Only nine meals to chaos.


I wonder how many meals a global outage would add up to. It raises an interesting point (covered in the video you posted) in terms of deployment of such a cyber-weapon - unless there was a way to turn off a state's internet without it turning off yours, then it's similar to the nuclear stand-off - which is contained by the threat of mutual self-destruction. No entrenched power is gonna want to flirt with anarchy.

My limited understanding of how things work suggests that it would indeed be possible to turn off another country's internet without turning off your own. This could be done by somehow shutting down connectivity to their set of IP addresses. I suspect this could be overcome within the 9-meal period, but not easily and it would require the help, I think, of another country.

IP addresses are the root of the Internet. They are the base level information for connections.

It could also be done by attacking the DNS system. This wouldn't truly shut down the internet, but in essence it wouldn't work for anybody unless they had the IP addresses for all their sites handy. When DNS servers go down, domain names don't work. The DNS system maps domain names (like formosahut.com) to an IP address. You can look up the IP address(es) for any domain name. If more than one IP shows for a domain, it means there are mirror sites for that domain in case one server location goes down.

There's also the old fashioned way of just cutting their cables. There was an earthquake off the coast of southern Taiwan in... I want to say 2006 or 07, that severed the undersea cable there, but after the branch to Taiwan. So it didn't affect our connections, but it knocked out Hong Kong for weeks. They were able to restore very, very slow connections within a couple days by routing through some place.

Regardless, the ability to shut your adversary down, and visa versa, creates a situation similar to SAD (Self Assured Destruction.)

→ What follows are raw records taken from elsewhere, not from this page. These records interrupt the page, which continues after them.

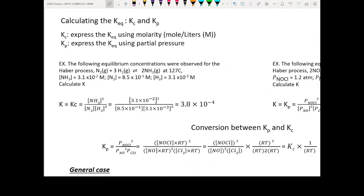How do you calculate the equilibrium constant? As mentioned in the very beginning, Kc and Kp are actually all equivalent to the equilibrium constant. The unit you use will define it as Kc or Kp.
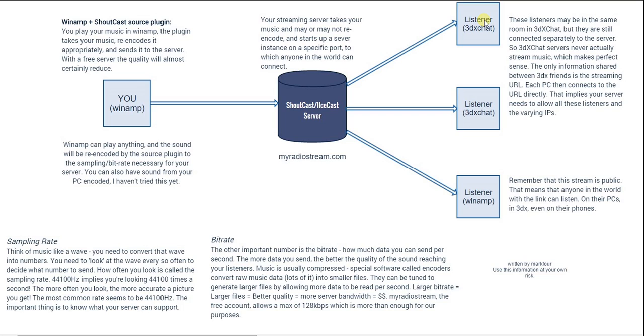Every time somebody enters your room in 3DxChat, they are making their own connection to the streaming server and none of the audio content actually enters the 3DxChat servers themselves.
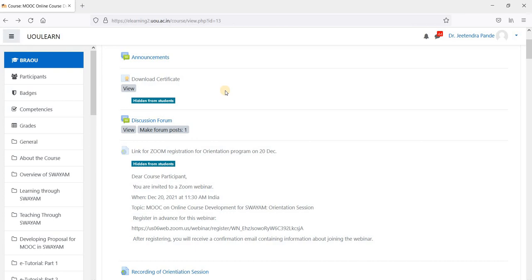As I have already pointed out, you have to score more than 60 percent in the quizzes in unlimited number of attempts. Hope I have clarified myself. Thank you very much.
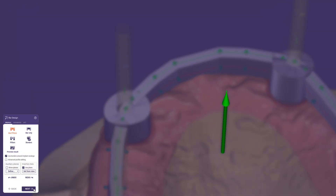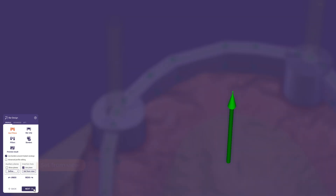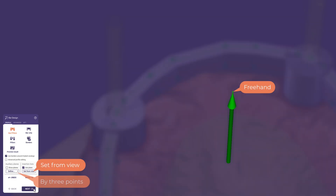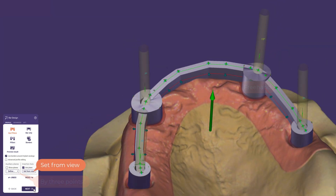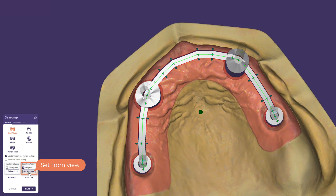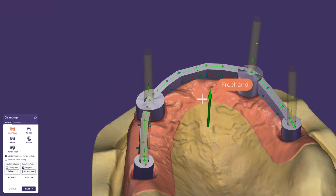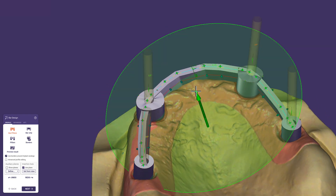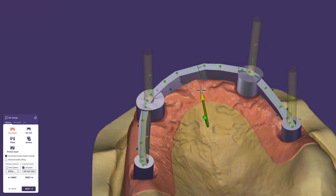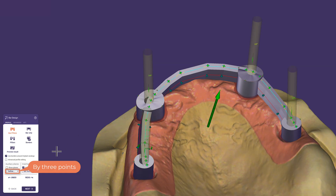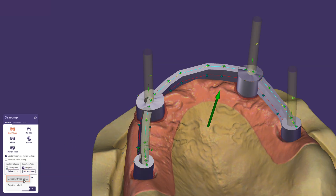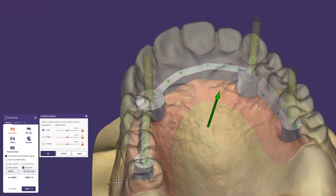Before we start the design we need to define the insertion axis of the bar. Three different options are available: first, by utilizing the view to define it and clicking the 'Set from view' button; second, freehand by simply dragging the tip of the green arrow; and third, by using the button 'Define by three points' on the gingiva or even better on the pre-op scan if available.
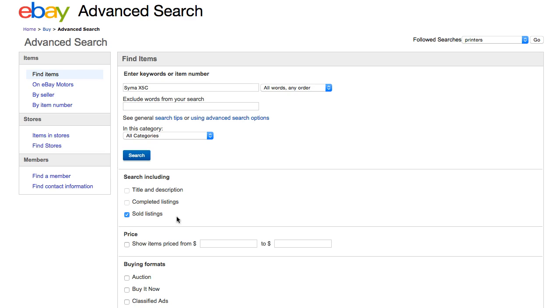What you want to use is the sold listings. It's going to tell you exactly how much this particular item is sold for. It's going to give you the research that you want and this is what I use all the time to find out how much I should price my particular items that are going to be on sale on eBay.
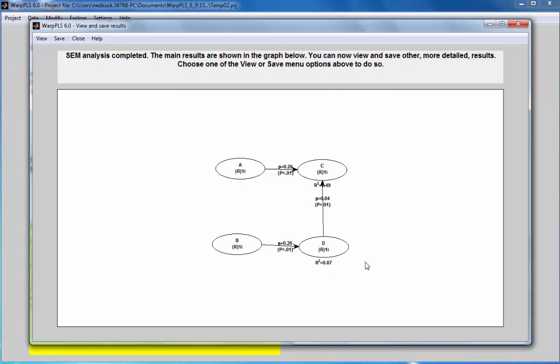Both C and D, as you can see here, are endogenous. We can only test reciprocal relationships for endogenous variables, and only when we have at least one other variable pointing at each one of them that is not the same predictor. This scenario is the type that allows us to estimate a reciprocal relationship. Otherwise, the model does not have enough information to estimate a reciprocal relationship.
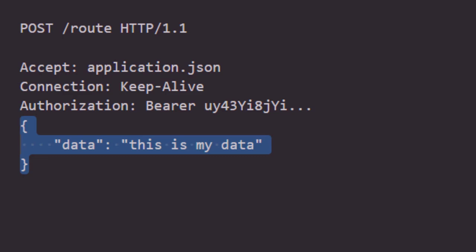Then we have the body of the request, and that contains the data that we want to send from the client to the REST API.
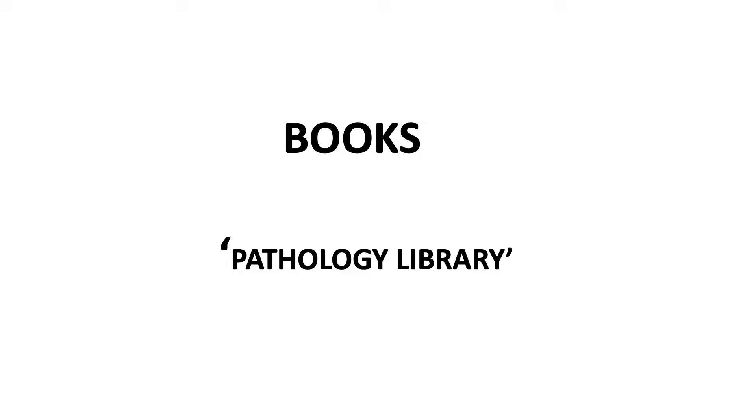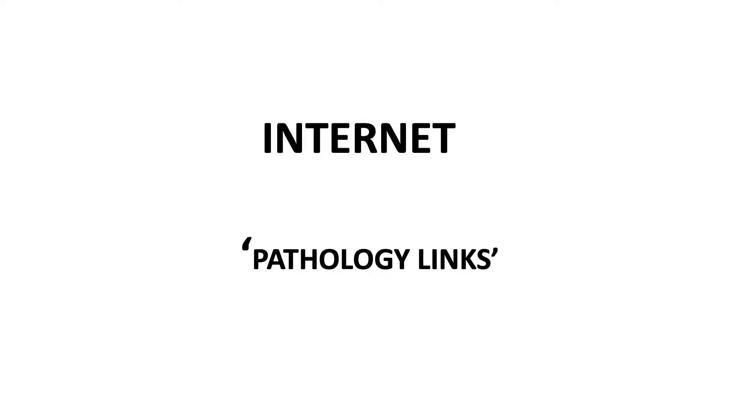Coming to the internet, there are hundreds of websites and many groups on Facebook, WhatsApp, and Telegram. There are many eminent pathologists around the world with Twitter accounts sharing their experiences online.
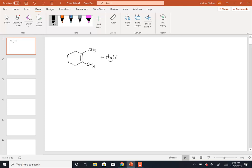What we were doing with mercuration-demercuration is we were reacting the double bond with mercury acetate and water. In that reaction, the mercury with one acetate on it is going to be our electrophile, so it's going to act like H+. Then the water is going to add like water. So this reaction is essentially mercury-plus and then the water. Whenever we add an electrophile first, it's always going to follow Markovnikov's addition because we have to add that E+ or H+ to the double bond that has the most hydrogens to get the most stable carbocation.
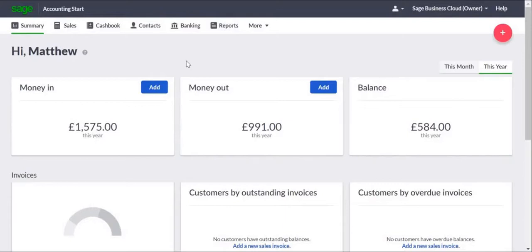In Sage Business Cloud Accounting Start, the process is simple, and we'll quickly work through a demonstration that you can see for yourself.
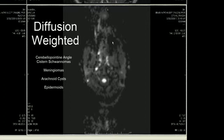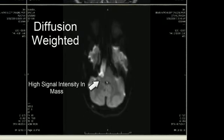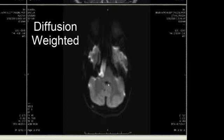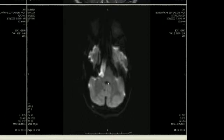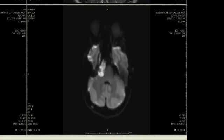In this case, when we scroll through our diffusion-weighted pulse sequence, we see very high signal intensity in the mass. The mass is therefore unlikely to represent an arachnoid cyst, since it does not have the same signal intensity as the cerebrospinal fluid within the 4th ventricle. Bright signal intensity on a diffusion-weighted scan, corroborated with low signal intensity on the ADC map, is highly suggestive of a diagnosis of an epidermoid.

The difference from a nuclear attack is that a cyber-attack doesn't cause a visual explosion & a pile of charred bodies - instead it's covered in a veil of secrecy, so it may not be immediately obvious who launched it. Or it might be like Covid, where everyone knows who launched it, but it's impolitic to say.

Hmmm.... right. Sort of like what's happening in this year's Olympics!

Meanwhile, there's still a lot of incremental wiggle room between 'the big one' & smaller, targeted offensives.

I wonder how much some of these attacks are tit for tat between adversaries, sort of like boxers in a ring feeling things out. Or it could be our own governments doing it to us. One thing is for sure. We'll forever be out of the loop, and the victims.